On this synthetic paediatric cohort, hypocalcaemia by either laboratory definition affected approximately one in four patients, the two definitions classified essentially the same patients (Cohen's κ ≈ 0.97, observed agreement 0.99), and the continuous correlation was strong but imperfect (Pearson r ≈ 0.77, ≈ 0.59). Ionised calcium values skewed below the published paediatric reference centre, while total calcium did not. The pre-specified logistic regression on age was a deliberate negative finding: neither model crossed the CV-AUC ≥ 0.65 deployment threshold. Together, these findings separate two questions that are often conflated in clinical datasets: whether total calcium can identify the same low-calcium cases as ionised calcium, and whether it can quantify calcium status with the same precision.

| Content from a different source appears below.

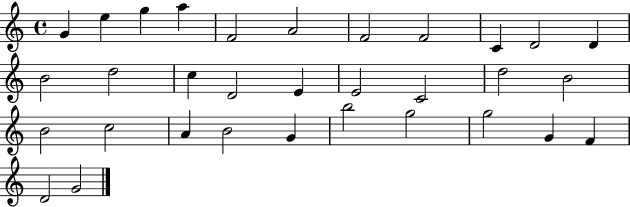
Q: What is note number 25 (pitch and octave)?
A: G4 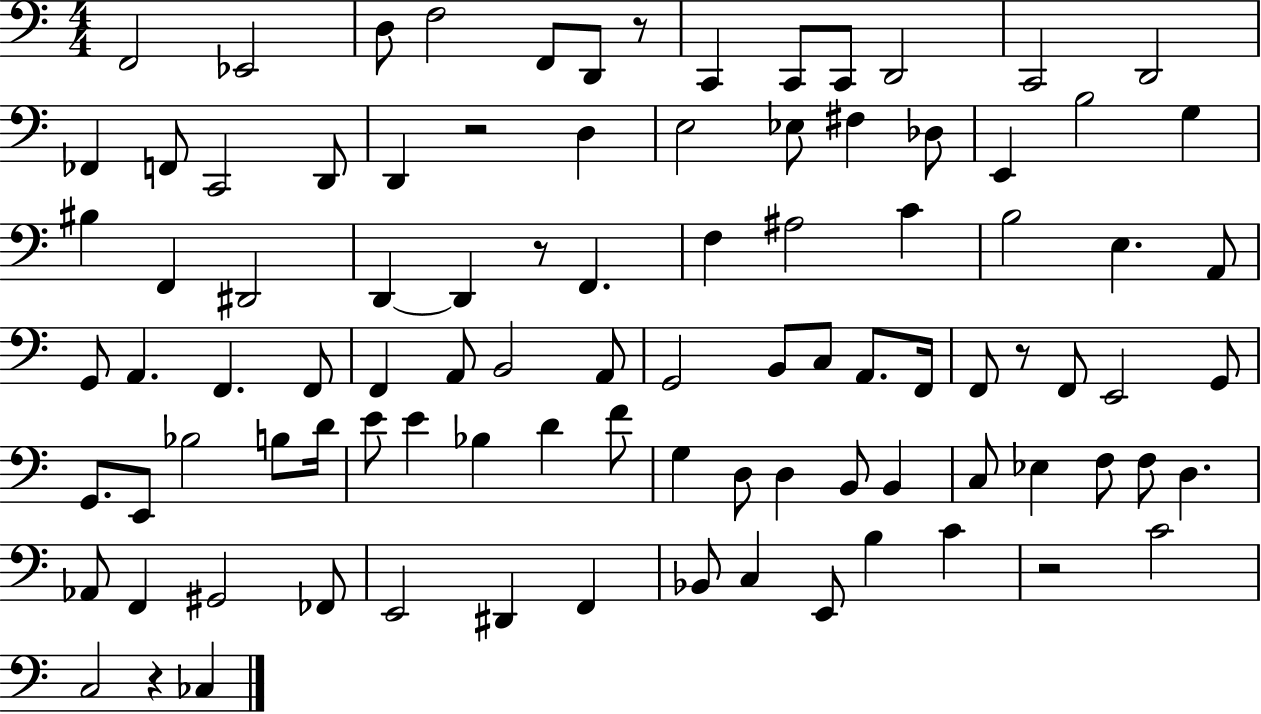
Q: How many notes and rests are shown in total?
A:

Relation to existing evidence

The retrieved paediatric literature supports cautious interpretation rather than direct generalisation. It includes reports on hypocalcaemia in respiratory infection, paediatric reference intervals, and the practical distinction between total and ionised calcium measurement ([1], [2], [3], [4], [5], [6], [7], [8], [9]). Additional retrieved records address the clinical context of hypocalcaemia and age-related calcium variation ([2], [3], [10], [11], [12], [13]). Those studies provide biological and measurement context for this analysis, but they do not replace validation in an external LRTI cohort. For that reason, the present manuscript treats the literature as context for interpretation while keeping every numerical result tied to the analysed cohort.

Interpretation

The near-perfect binary concordance suggests that, in this dataset, total calcium and ionised calcium identified nearly the same patients as hypocalcaemic. That result should not be read as proof that the assays are interchangeable on the continuous scale. The correlation and Bland-Altman analyses showed substantial residual variation, meaning total calcium may be adequate for case-finding in this narrow setting while remaining inadequate as a quantitative substitute for ionised calcium. The age-only logistic models add a second boundary: age within the 1-5 year window did not provide enough discrimination to support prediction.

Limitations

This analysis has important limitations. The dataset contains 100 records and all estimates therefore have limited precision. The cohort does not include albumin, pH, vitamin D, magnesium, phosphate, inflammatory markers, severity scores, treatment, or clinical outcomes; these omissions prevent causal or prognostic inference. Ionised calcium thresholds are also analyser- and pH-dependent, so the chosen threshold should be treated as an analysis definition rather than a universal clinical cut-off. Finally, the reference-range comparison tests departure from the reference midpoint; the below-range counts are reported separately and should not be conflated with that one-sample test.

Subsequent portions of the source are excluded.